De scheidsrechters op het WK kijken opvallend veel op hun uurwerk. Je verwacht natuurlijk ook niet anders dan dat ze de tijd in de gaten houden. “Maar”, vraagt een attente – een sportterm voor ‘alerte’ – collega zich af, “is dat ‘uurwerk’ geen purisme?”

Gelijk heeft hij. Een purisme is een woord dat een vreemd woord moet vervangen. Meestal ontstaat het door overdreven vertaalijver, zeg maar talige smetvrees. ‘Uurwerk’ is er een mooi voorbeeld van. In een onbewaakt moment kijken we allemaal op ons ‘horloge’ om na te gaan hoe laat het is, maar dat wordt prompt – en geheel onterecht – een ‘uurwerk’ zodra we het heel keurig willen doen. Noem dat ding om je pols maar gewoon ‘horloge’. Het ‘uurwerk’ – want het woord bestaat wel – is het binnenwerk van een klok, het samenstel van radertjes, assen en veertjes dat de wijzers aandrijft.

Mag ik van de gelegenheid gebruikmaken om je de klok te leren lezen? Op de goeie ouderwetse manier verdeel je het uur in vieren.

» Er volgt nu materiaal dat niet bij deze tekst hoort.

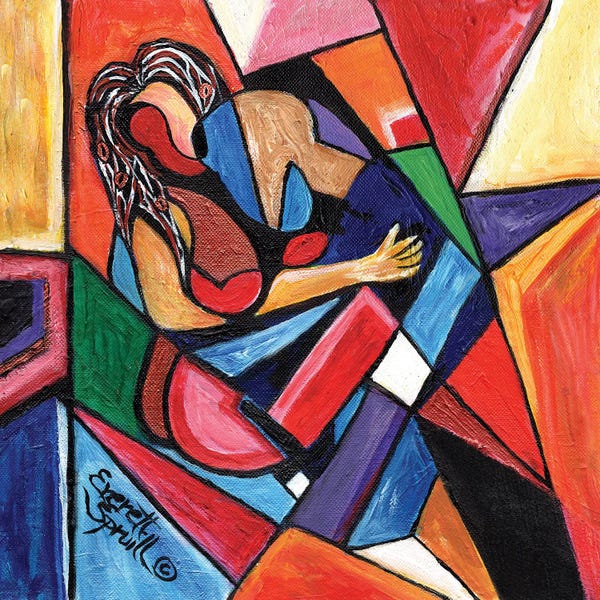 All Things Picasso: Embrace II by Everett Spruill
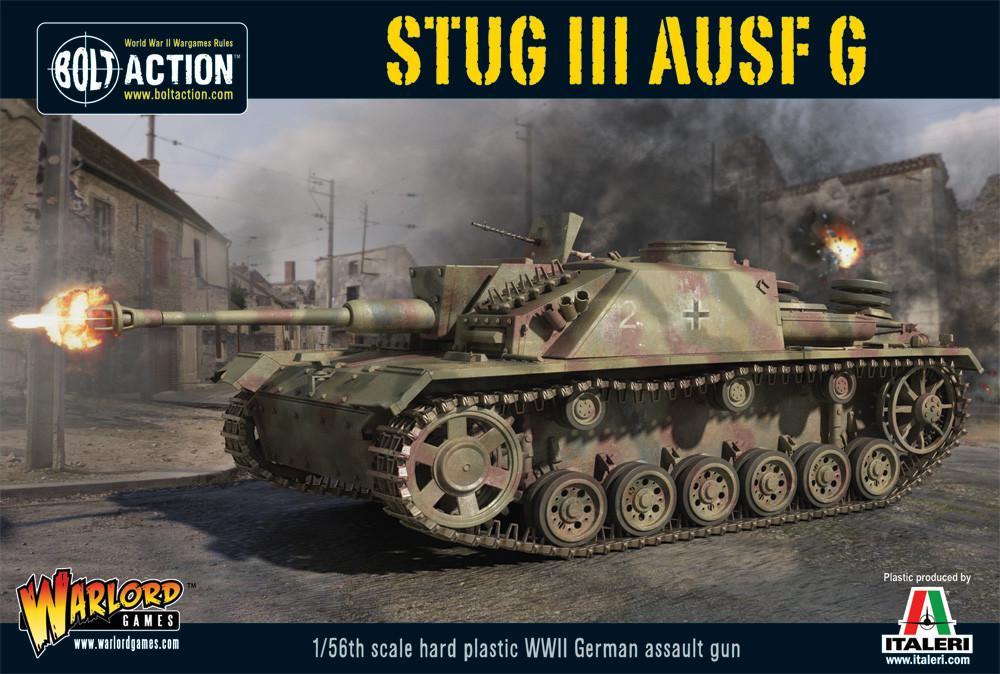 Stug III Ausf G or StuH-42 Plastic Box Set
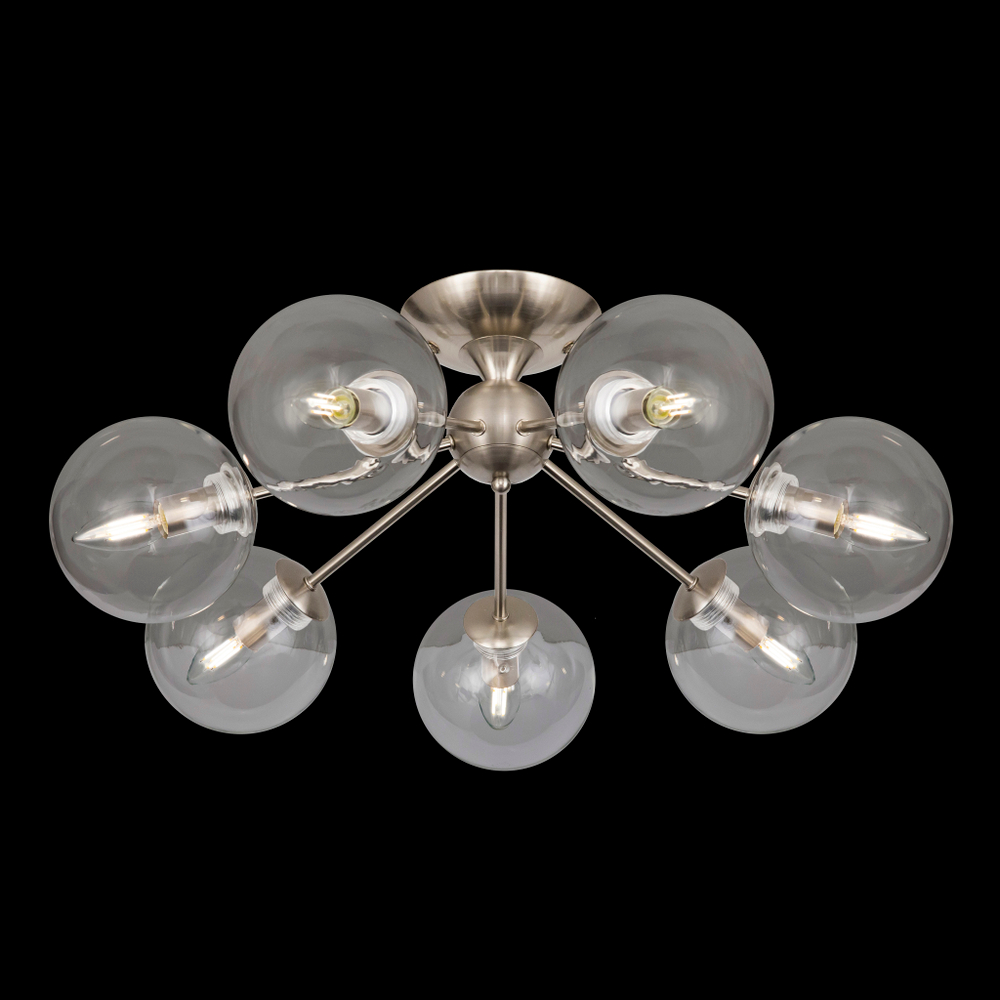 Citilux Томми CL102171 Люстра потолочная Матовый Хром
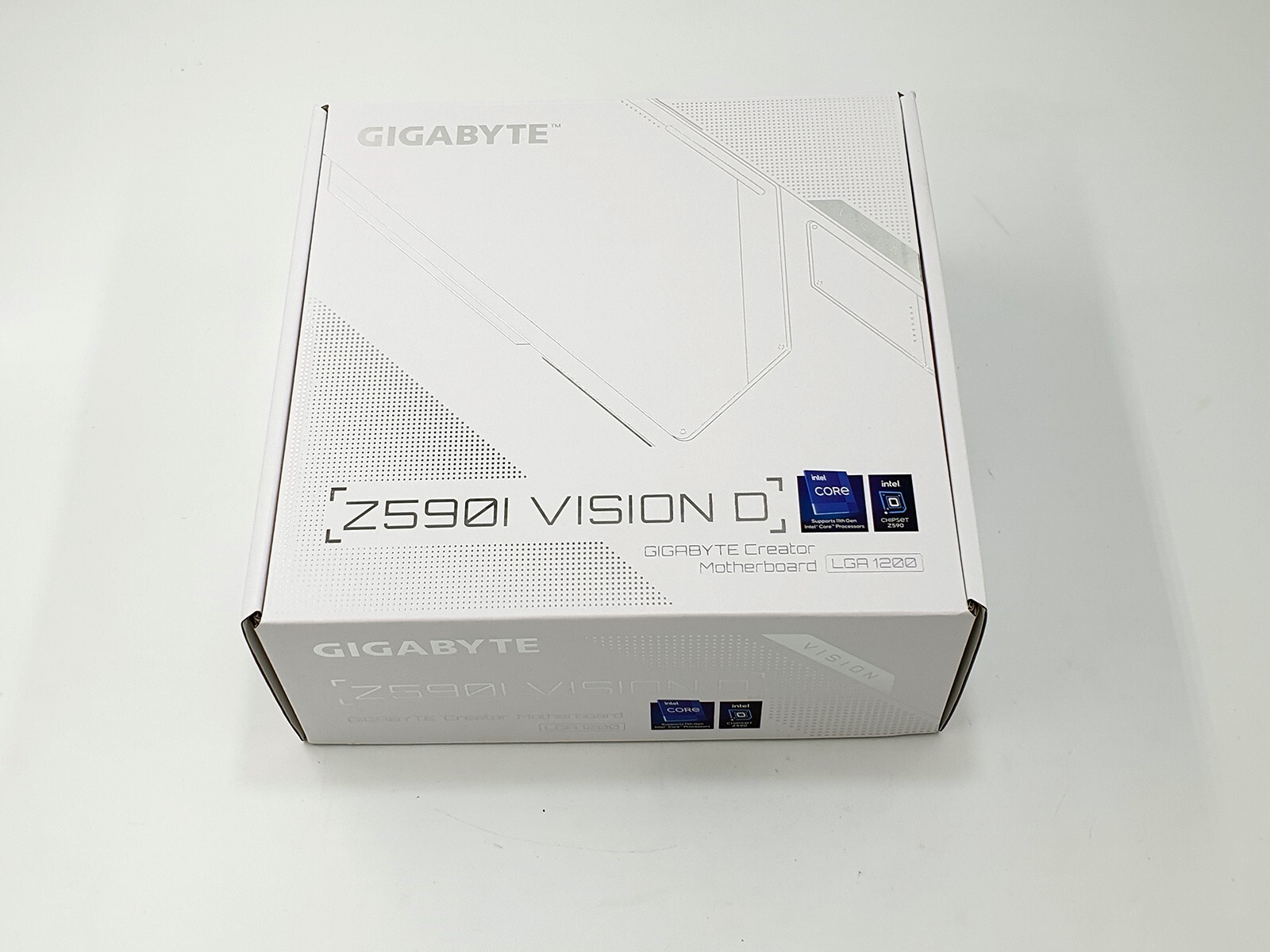 Z590I VISION D & intel i5-10500他セット Z590I VISION D (rev. 1.0) Key Features | Motherboard
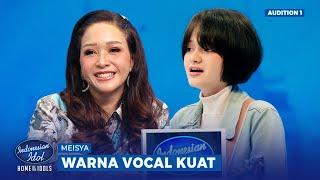 SUARA ROCK ala Meisya Bikin Bunda Maia Amazed - Indonesian Idol 2025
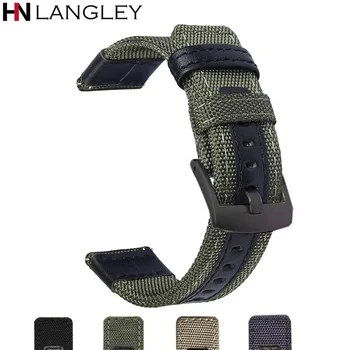 

Strap for Huawei Watch GT Gear sport S3 S2 Classic Frontier huami amazfit bip 22/20 mm Pebble Time galaxy watch 42/46mm band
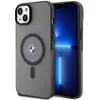 Image de BMW Étui BMHMP14MDSLK iPhone 14 Plus 6.7" czarny/black hardcase Signature MagSafe (Apple iPhone 14 Plus), Coque pour téléphone portable, Noir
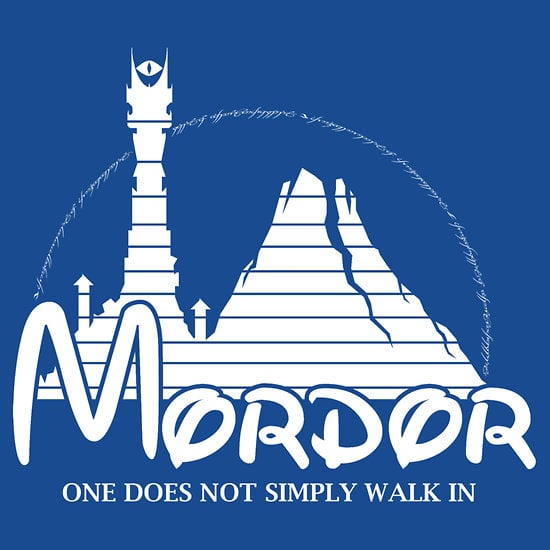 Mordor x Disneyland T-Shirt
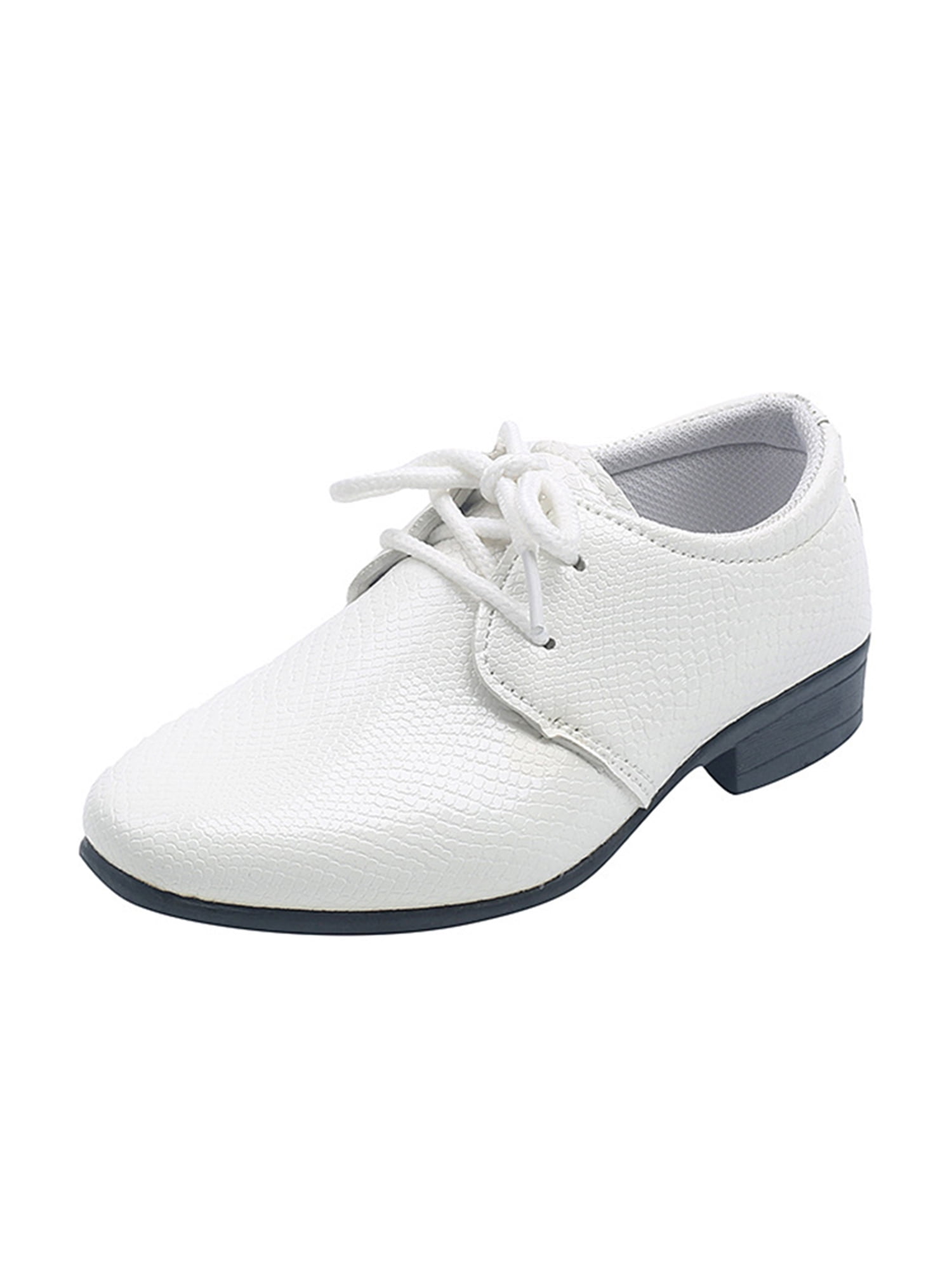 Boys Dark Grey Printed Ethnic One Toe Flats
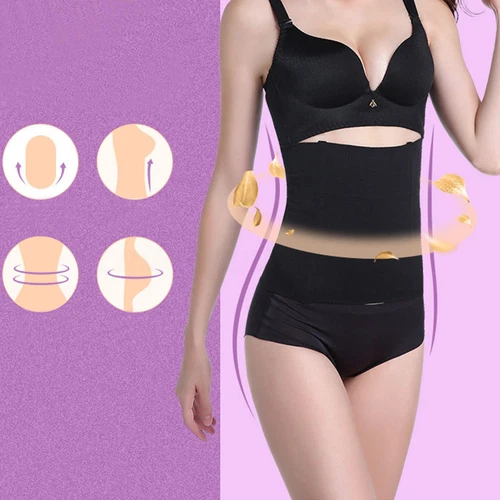 Women Waist Trainer Shaper Body Shapewear Postpartum Cincher Tummy Control Belt - Picture 9 of 43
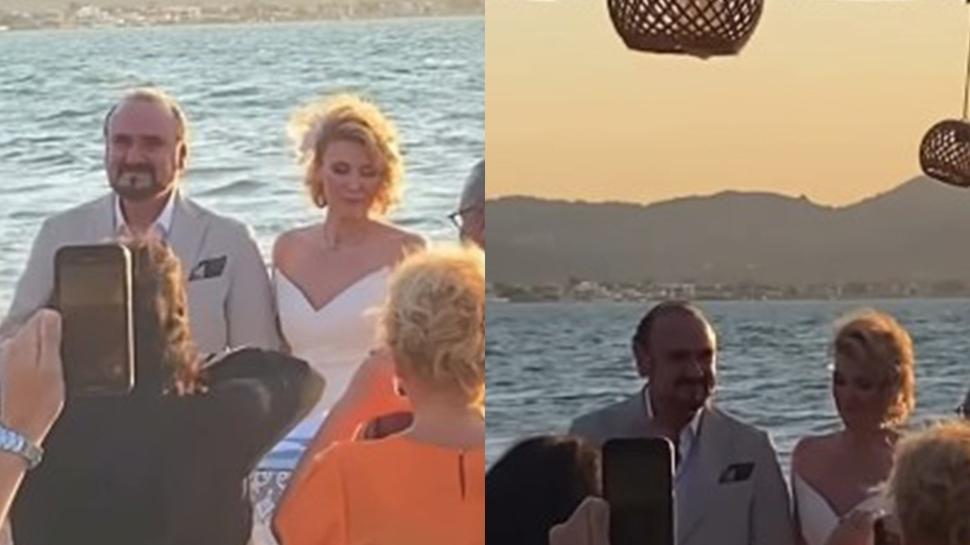 Bir kez daha nikah masasında: Hakan Aysev 7. kez 'evet' dedi!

Alles tussen 8.01 en 8.15 is ‘over acht’, tussen 8.16 en 8.29 ‘voor halfnegen’, tussen 8.31 en 8.44 ‘over halfnegen’ en tussen 8.45 en 8.59 ‘voor negen’. Maar je mag het uur ook gerust in tweeën verdelen, daar is niets mis mee. Alles tussen 8.01 en 8.29 is dan ‘over acht’ en alles tussen 8.31 en 8.59 is ‘voor negen’.

Stevig onderbouwd is het niet, maar ik vermoed dat we meestal voor de zuinigste weg kiezen: wat het minste lettergrepen telt, gebruiken we. ‘Zeven voor halfnegen’ is korter dan ‘drieëntwintig over acht’ en daarom kiezen we makkelijker voor het eerste. ‘Twintig voor negen’ is ook iets korter dan ‘tien over halfnegen’.

8.23 kun je in deze tijd van digitale klokken ook als ‘acht uur drieëntwintig’ lezen, maar dan klink je wel meteen als een stationschef. Liever niet doen.